When a user has changed their nickname all connected clients should be notified with a "someone changed nickname" message. The message contains a timestamp, the old name and the new name. The "length" fields contain the true lengths of the names. Both names should be individually padded to four bytes alignment.

CK <-> CS: Change topic (Level 2)

The "change topic" message is first sent from a client to the chat server, notifying the server that it should change the current topic (the intended field of conversation). The "topic length" field contains the true length of the text as usual while the dynamic "topic" field is padded to four bytes alignment.

The server should change the topic, notify the name server of the change and notify all connected clients of the new topic.

Protocol descriptions: Utility protocols (Level 2)

This section covers the functionality of the two helper protocol in depth.
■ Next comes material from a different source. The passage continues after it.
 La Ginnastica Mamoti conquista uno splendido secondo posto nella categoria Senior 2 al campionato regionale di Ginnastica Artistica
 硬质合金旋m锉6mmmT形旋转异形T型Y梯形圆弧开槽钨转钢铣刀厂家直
Text messages may be as earlier mentioned both compressed and encrypted. This should be done according to the figure below. Note that it only illustrates the case where a text message is to be both compressed and encrypted.
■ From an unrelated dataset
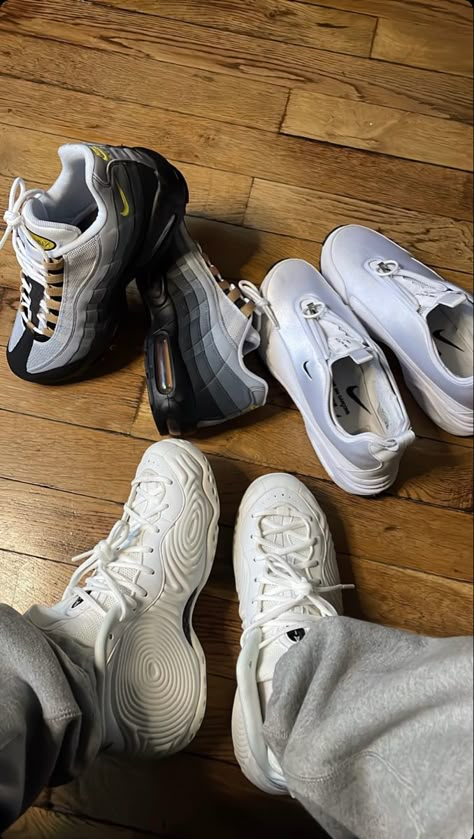 Cdg Air Max 95, Cdg Foamposite, Cdg Outfit, Fashion Shoes Sneakers, Air Max 95, Streetwear Outfit, Shoe Game, Air Max, Sneaker Boots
The client types a text message into the client, which will be compressed. The compressed text will be wrapped in an compression header. The compressed message and its header will then be encrypted and wrapped in an encryption header. This forms the payload of the "message" message that will be sent to the chat server.
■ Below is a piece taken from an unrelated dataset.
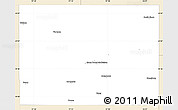Classic Style Simple Map of Codington County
As previously mentioned, messages from the chat server itself (system messages) should be in plain text and should thus not be fed through the helper protocols.

Compression and decompression protocol

Compression is generally used to reduce the bandwidth requirements in a system. For this assignment though, the purpose is mostly to provide understanding of how to stack several layers and protocols in an application. The compression used will be gzip, which has an implementation in the Java API. Since the chat server never needs to decrypt or decompress anything, no C implementations are needed.

Compressing the message

The length of the plain text the user types in is stored in the "message length not compressed" field. The message is then fed through a gzip stream to compress it. The true length of the compressed data is stored in the "message length compressed" field and the compressed data in the field "message", padded with zeroes to four bytes alignment.

A client receiving this message follow this algorithm in reverse and should feed the data through a decompressing stream.

The "algorithm" field denotes the compression algorithm used. In this assignment gzip will be used, which is indicated by a zero in this field.

The "checksum" field should contain a checksum for the whole PDU. More information on how to calculate the checksum is shown further below.

Encryption and decryption protocol

Encryption is used to make it harder for eavesdroppers to intercept the messages. As with the compression the important part is the understanding of the concepts involved and thus the encryption algorithm used will be a trivial variant of XOR. It is implemented in Crypt.java. The algorithm requires an encryption key, which should be a string. By default the string foobar should be used as the encryption key. It should be possible to provide another key in the chat client, which should be used for both incoming and outgoing messages. This means that two users can share a key through a secure channel and then talk about secrets in the chat. The chat client should have a interface field to enter the key in, which has been mentioned earlier.

Encrypting the message

The length of the data provided by the user or retrieved from the compression algorithm should be stored in the "message length not encrypted" field. The data is then encrypted, upon which the true length of the encrypted data is stored in the "message length encrypted" field and the encrypted data itself is stored in the "message" field, padded as usual to four bytes alignment.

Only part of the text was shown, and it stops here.